Michel Barnier à Matignon : une trahison qui appelle à un changement de République
La nomination du premier ministre, totalement à contre-courant du message envoyé par les urnes aux législatives, a plongé la France dans un malaise démocratique profond. Et conduit la gauche à remettre sur la table sa proposition d’instaurer une VIe République pour en finir avec le pouvoir discrétionnaire et démesuré du président.
Sa carte électorale lui brûle les doigts et tombe au sol. Violaine vient d’y mettre le feu : « Cela ne sert à rien de voter », s’écrie-t-elle. Si la colère de cette manifestante bretonne contre la nomination de Michel Barnier, le 7 septembre à Brest, a fait le tour des réseaux sociaux, c’est qu’elle incarne parfaitement le profond malaise démocratique qui s’est emparé du pays. « Les électeurs se disent ”même quand on gagne, on perd”, et c’est très dangereux pour la démocratie », soupire l’eurodéputée FI Emma Fourreau.
Le moment politique que nous traversons provoque chez de nombreux citoyens un sentiment de trahison comparable à 2005 et à l’enjambement du « non » au traité constitutionnel européen. Comme si le périmètre du vote s’arrêtait à la question économique. « Macron prouve qu’il hait la gauche plus que l’extrême droite, et qu’il avait tout prévu pour nous empêcher de gouverner ! tempête l’eurodéputée Chloé Ridel, porte-parole du PS. Et le pire, c’est qu’il est dans les clous de la Constitution. Il n’y a rien pour empêcher cela. Nous sommes otages de la situation. »
Michel Barnier « issu d’un parti qui a fait 5,4 % au second tour des législatives »
Comment défendre en effet un régime qui, deux mois après une élection historique qui a mis en échec la majorité sortante et placé en tête la gauche, permet de confier les clés du pouvoir à un conservateur épinglé pour des positions anti-immigration et des votes homophobes ?

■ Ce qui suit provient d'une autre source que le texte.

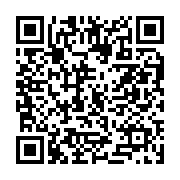 군정소식 페이지 바로가기 주소(https://business.jangseong.go.kr/q/ezMxMDR8MTg3MDJ8c2hvd3xwYWdlPTExOX0=&e=M&s=3), QRCODE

L’anomalie fait s’étouffer jusqu’aux plus tempérés des défenseurs des institutions de la Ve République : « Nous sommes dans une situation inouïe sur le plan de la démocratie, dénonce l’ex-premier ministre Dominique de Villepin, sur LCI. Le chef du gouvernement est issu d’un parti qui a fait 5,4 % au second tour des législatives et qui a 47 députés. Ce premier ministre LR est soutenu, sous conditions, par le parti présidentiel qui a été rejeté et battu dans les urnes par les Français, et sous surveillance du RN qui lui-même a été rejeté par les deux tiers des Français au second tour des législatives. »

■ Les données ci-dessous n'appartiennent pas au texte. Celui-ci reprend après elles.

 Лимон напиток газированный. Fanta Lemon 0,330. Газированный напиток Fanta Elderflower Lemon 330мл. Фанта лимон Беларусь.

Le tout, à quelle fin ? La garantie de ne pas dévier, pour Emmanuel Macron, de sa feuille de route fixée en 2017 : baisse drastique des impôts, notamment sur les entreprises et les plus aisés, et coupes brutales dans les budgets des services publics pour compenser les pertes de recettes. « Michel Barnier incarne des valeurs solubles avec le libéralisme autoritaire d’Emmanuel Macron : libéral en économie et autoritaire dans le domaine régalien, au service des marchés économiques et répressif avec les citoyens », cingle l’essayiste Roland Gori.
« Le barrage républicain du second tour se transforme en alliance avec le RN »

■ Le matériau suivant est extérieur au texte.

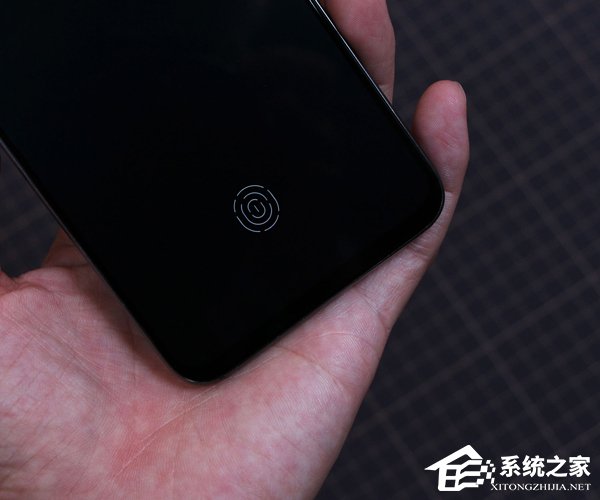 魅族16s Pro好不好？魅族16s Pro体验评测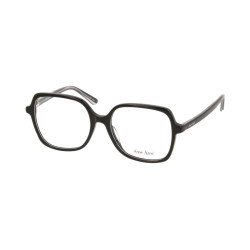 ANNE MARII AM20348 kolor D...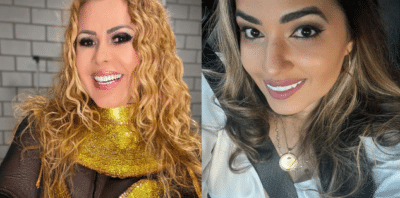 Imagem do post Joelma e herdeira enfrentam notícia arrasadora envolvendo fortuna e denúncia contra cantora é feita: “Nunca foi pago”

Pour réussir son coup, le chef de l’État n’a pas hésité à renverser la logique à laquelle il avait consenti début juillet. Emma Fourreau résume : « Le barrage républicain du second tour se transforme en alliance avec le RN. Emmanuel Macron a donc trompé les Français, y compris ses propres électeurs, d’ailleurs, qui ont voté pour partie à gauche contre le RN. »
Le député écologiste Jérémie Iordanoff, lui non plus, n’en décolère pas : « À quoi bon poser une question aux Français si on ne tient aucun compte de leur réponse ? Les électeurs ont envoyé deux messages aux législatives : ils veulent tourner la page du macronisme et refusent de voir le RN au pouvoir. Il fallait un gouvernement de front républicain bâti autour de la coalition arrivée en tête, le Nouveau Front populaire. »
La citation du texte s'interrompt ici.